The industry’s gross NPL ratio slid to 3.27% in December from 3.54% in November. This was the lowest NPL ratio since the 3.24% posted in December 2023.

BSP data showed the amount of bad loans declined by 3.9% to P500.3 billion as of end-December from P520.5 billion a month earlier.

Year on year, soured loans rose by 11.4% from P449 billion.

Loans are considered nonperforming once they remain unpaid for at least 90 days after the due date. These are deemed as risk assets since borrowers are unlikely to pay.

The total loan portfolio of Philippine banks increased by 4.1% to P15.3 trillion as of end-December from P14.7 trillion at end-November. Year on year, it jumped by 10.6% from P13.9 trillion in the same period in 2023.

Past due loans dropped by 4.8% to P604.9 billion as of December from P635.5 billion a month ago. However, it climbed by 10.2% from P548.9 billion a year earlier.

This brought the past due ratio to 3.95% in December, lower than 4.32% in November and 3.96% a year prior.

Restructured loans accounted for 2.03% of the industry’s loan portfolio, a tad higher than the 2% in November but lower than the 2.18% in the same month in 2023.

Banks’ loan loss reserves inched up by 0.9% to P480.7 billion in December from P485.2 billion in November. Year on year, it rose by 5.2% from P456.9 billion.

This brought the loan loss reserve ratio to 3.14% as of end-December, higher than 3.3% at both end-November and end-December 2023.

Lenders’ NPL coverage ratio, which gauges the allowance for potential losses due to bad loans, rose to 96.08% in December from 93.21% in November but was lower than 101.74% in the same month in 2023.

Jonathan L. Ravelas, senior adviser at professional service firm Reyes Tacandong & Co., said lower interest rates and easing inflation last year helped bring down NPLs.

“Note that the BSP has cut policy rates by 75 bps in 2024 and falling inflation helps stem the rise in NPL,” he said.

The central bank reduced borrowing costs by a total of 75 bps since it began its easing cycle in August 2024. This brought the key rate to 5.75% by yearend.

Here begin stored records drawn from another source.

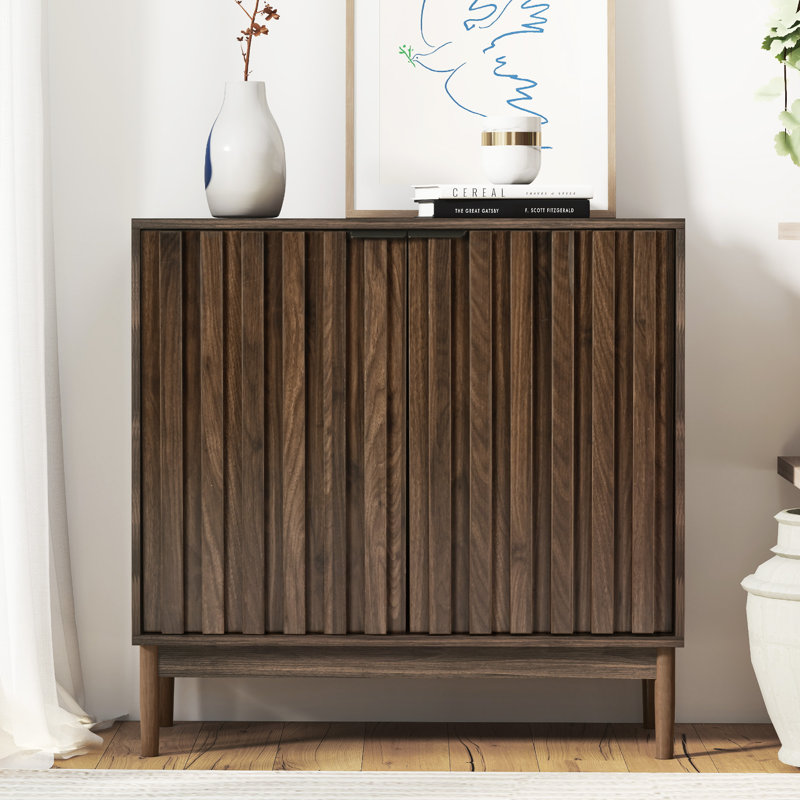 Grazyna Fluted 2-Door Sideboard, Dark Brown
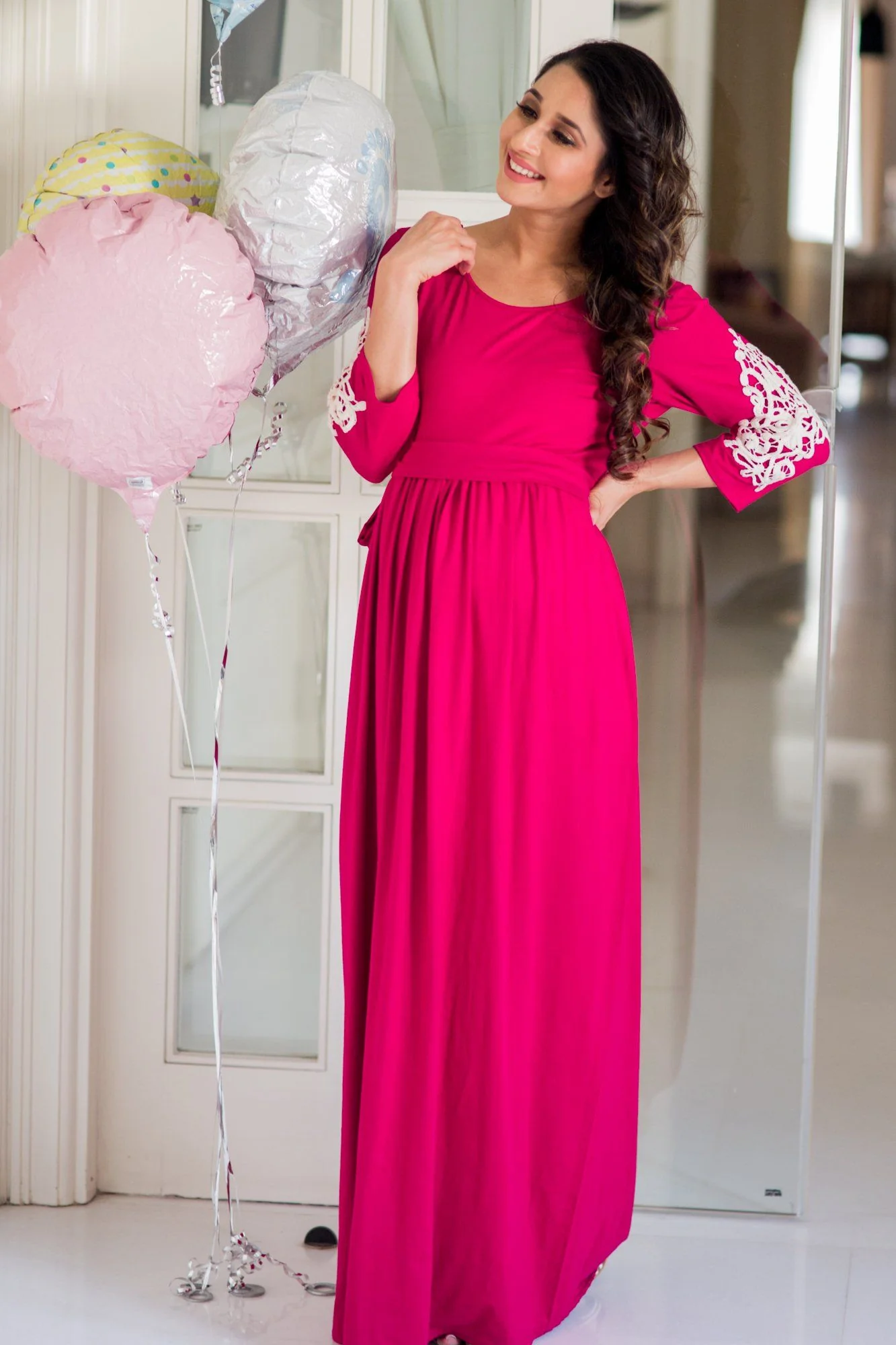 Deep Pink Lycra Crochet Maternity Dress - Chenance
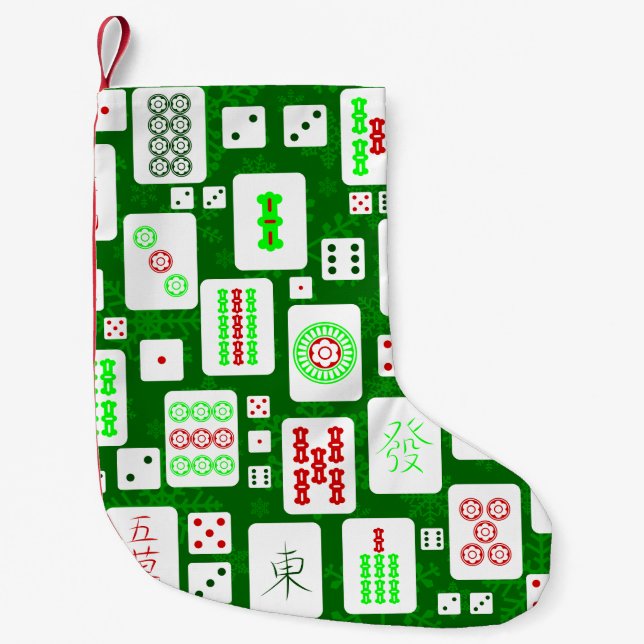 green christmas mahjong chinese tiles game asian  small christmas stocking (Front)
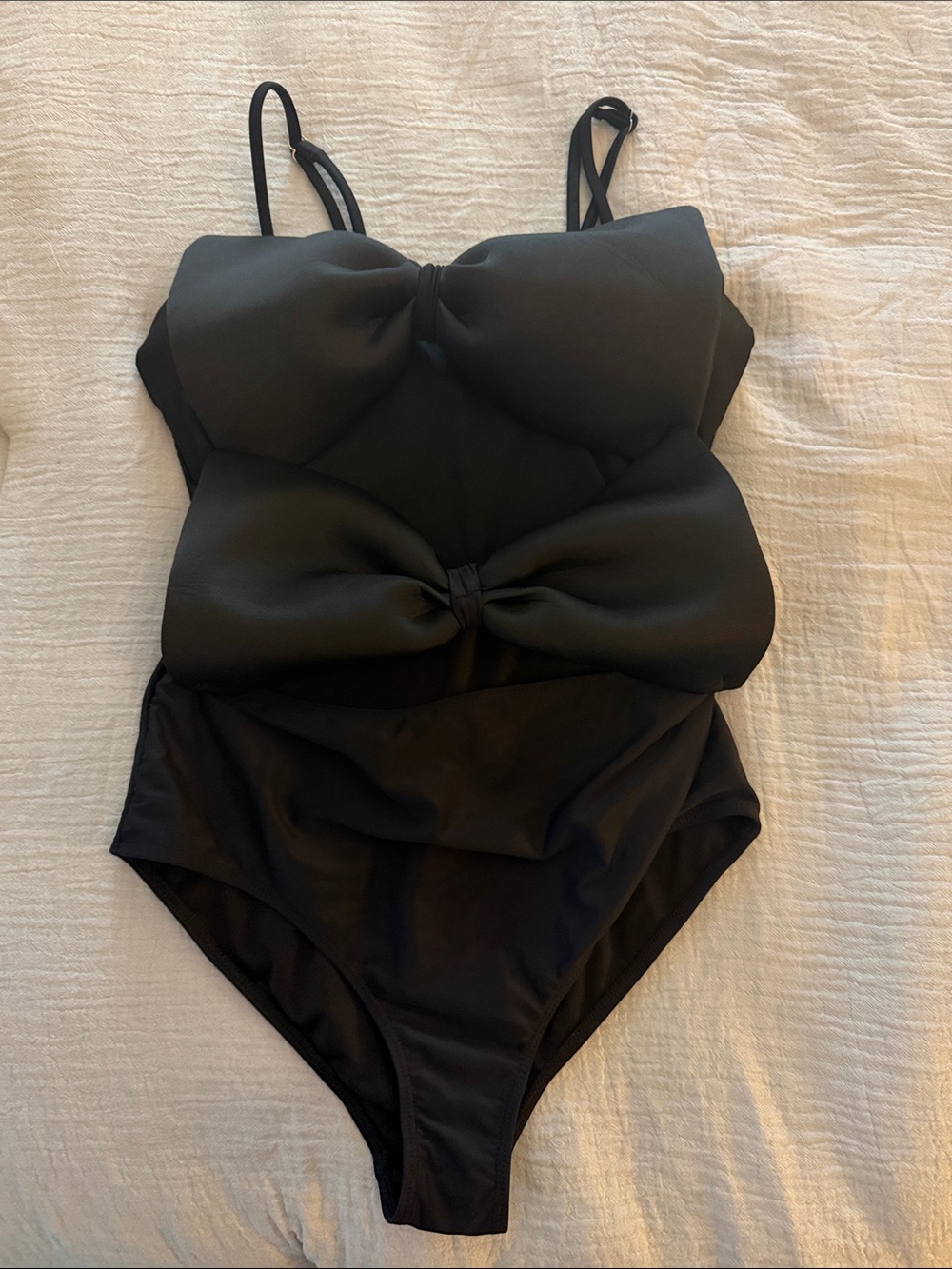 Black One-Piece Swimsuit with Front Bow Detail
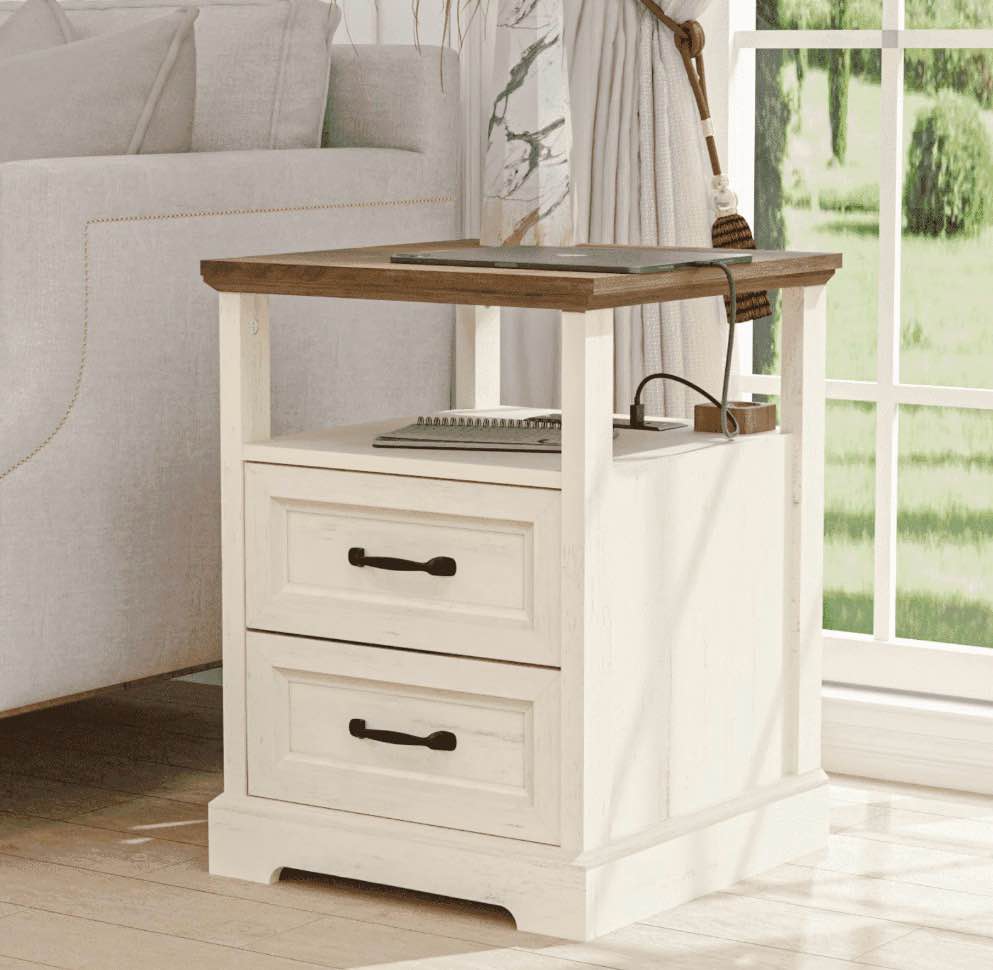 Hommpa Farmhouse End Tables for Living Room, Nightstand with Charging Station, Rustic Sofa Side Table with 2 Drawers and Storage Shelf, Bedside Cabinet for Bedroom, White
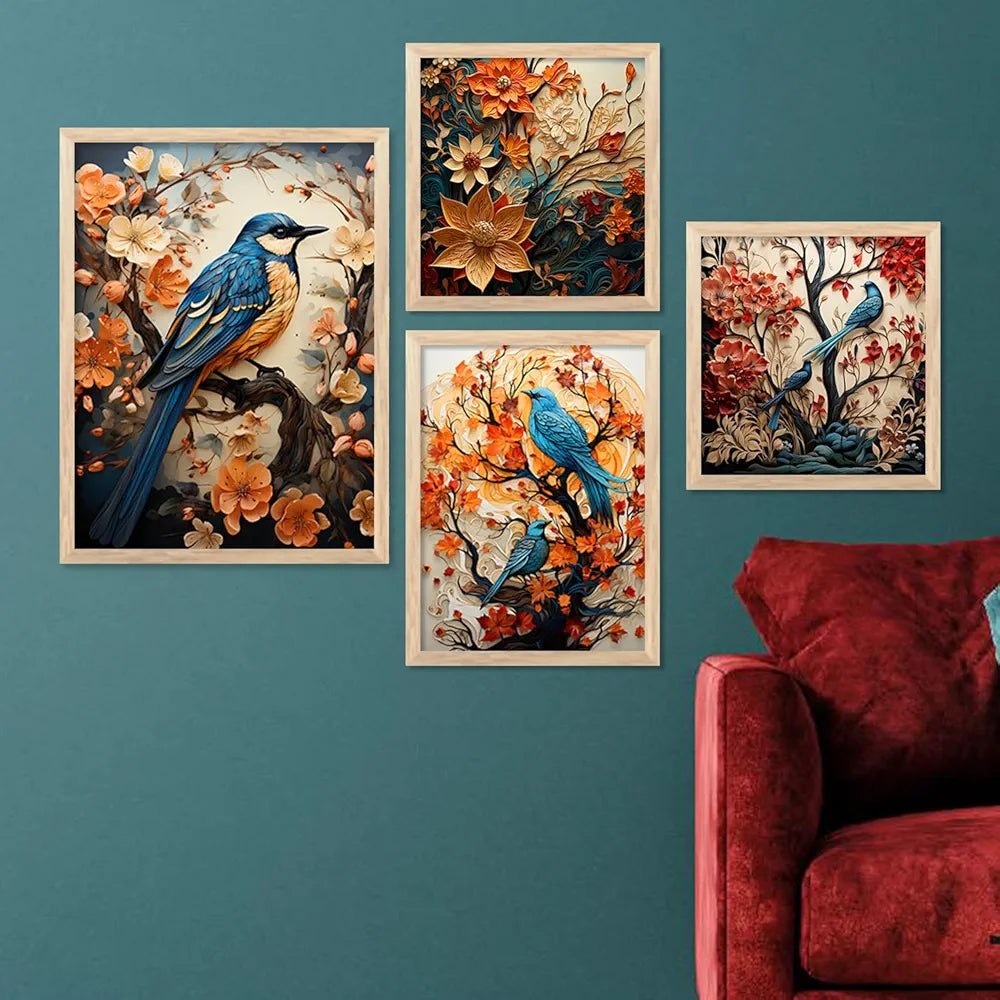 kotart Nature Inspired wall Art Paintings with Frame Set of 4 Frames D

Headline inflation averaged 3.2% last year, in line with the BSP’s forecast. This was the first time that full-year inflation fell within the central bank’s 2-4% target since 2021, when inflation averaged 3.9%.

“Furthermore, banks’ loan growth at the fastest in two years also widened the loans base, thereby mathematically reducing the NPL ratio,” Rizal Commercial Banking Corp. Chief Economist Michael L. Ricafort said in a Viber message.

Separate BSP data showed bank lending jumped by 12.2% year on year to P13.1 trillion in December. This was the fastest lending growth in two years.

For the coming months, the NPL ratio could ease further if the central bank is able to continue cutting policy rates and reserve requirements, Mr. Ricafort said.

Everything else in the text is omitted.